In 2016, I got a few nudges from a couple of veterans at the software firm I was working with. Although I really loved my job in the quant software firm at the time, the veterans of the companies have been hinting that there might only be a limited future for me at that firm, on account of my lack of a doctorate degree in either mathematics or physics. In other words, unless I have a Ph.D. in these fields, my ambition of being a quant in the firm is far from being realistic. But considering how limited my finances were, and the fact that I was already a mature student while I was completing my second bachelor’s in Mathematics, I felt that getting involved in an advanced study was out of the question for me, even though I love the subject. Dejected, I started thinking about my career direction, yet again. At that time, Data Science was still a fluid job market then, and I saw that as an opportunity. For a math graduate, a job in the field of using applied mathematics, statistics, and computer science sounds too good to be passed up. When I saw the job posting with a local IBM subsidiary, I jumped at it. As luck would have it, I also had my best interview experience with the leadership team, and in late 2016, I started working as a junior data scientist.

But in a short year, my enthusiasm waned in that company. I wanted to work on something more interesting, and more importantly, I wanted more variety in my work, and I also want more flexibility in my hours.

I started looking through the job postings again. But this time, it was a lot tougher to convince me to move out of IBM – after all, I already work for a great company, and my pay was already very high. I didn’t really believe in changing jobs for the sake of changing. Unless the new job is substantially better in ways that I already consider desirable, I couldn’t bring my enthusiasm up to even give it a try. Monthly went by, and I continued with IBM, knowing that I could not see myself on this job for the long term, but also had no idea where I was going.

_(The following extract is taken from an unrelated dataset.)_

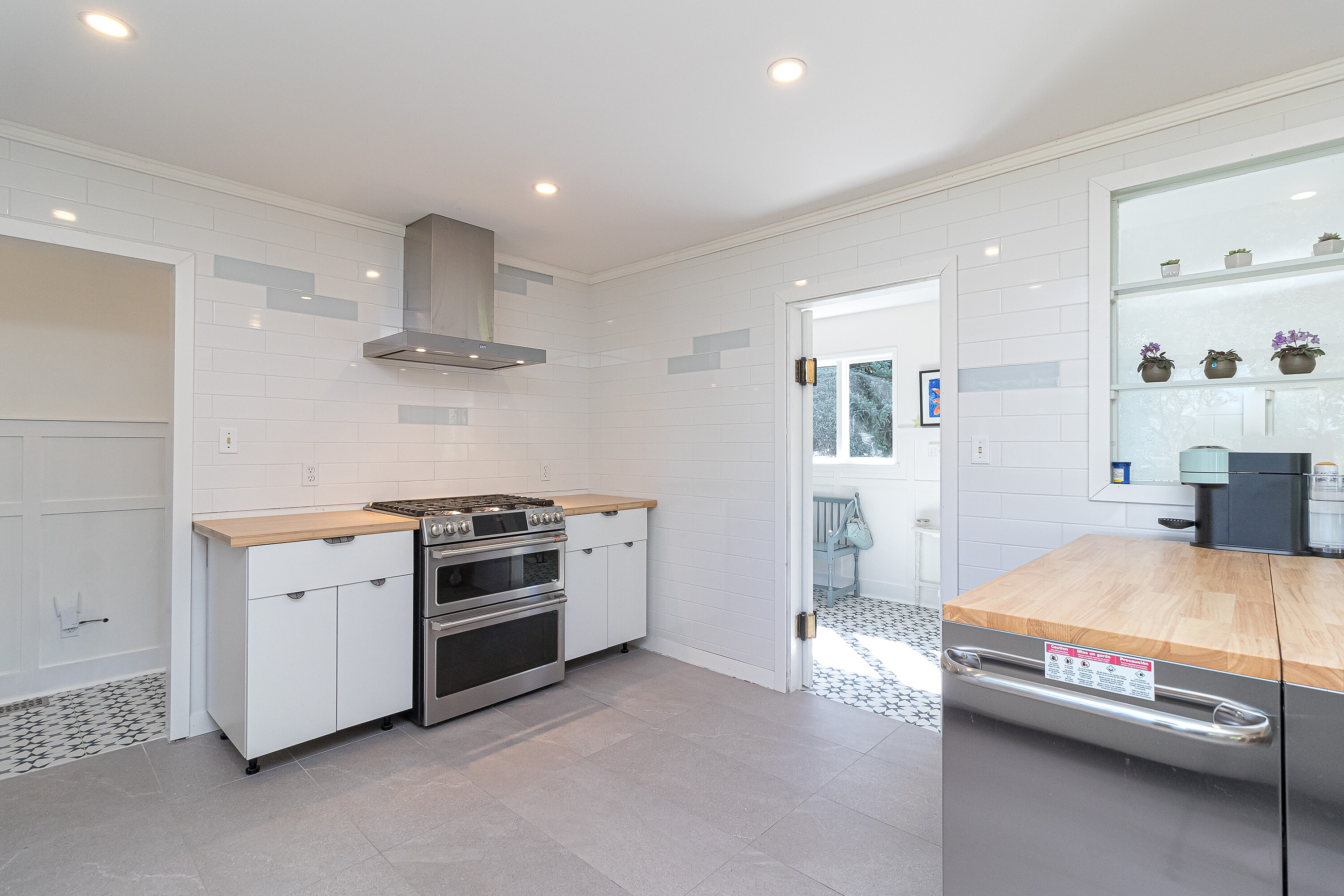  Prime Waterfront Home - 物件實景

Until one day, I got an idea.

I WANT TO WORK REMOTELY!

No, not just working from home when the kids are sick, or when the contractors are coming. Not just working from home when the snowstorms hit. Not just working from home every Friday. I want to work from home ALL THE TIME.

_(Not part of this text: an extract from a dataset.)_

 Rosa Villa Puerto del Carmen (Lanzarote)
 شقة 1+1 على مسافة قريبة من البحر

Actually, I want more than that.

I want to work ANYWHERE I WANT. I want a job where this is nobody’s business, and I can go wherever I want, and work whenever I want. I understand that I will still need to deliver the results, and I will probably still be stressed. But I want to work remotely, 100% of the time.

That desire, when clearly verbalized, turned out to be the most crucial thing I could do for my life afterwards.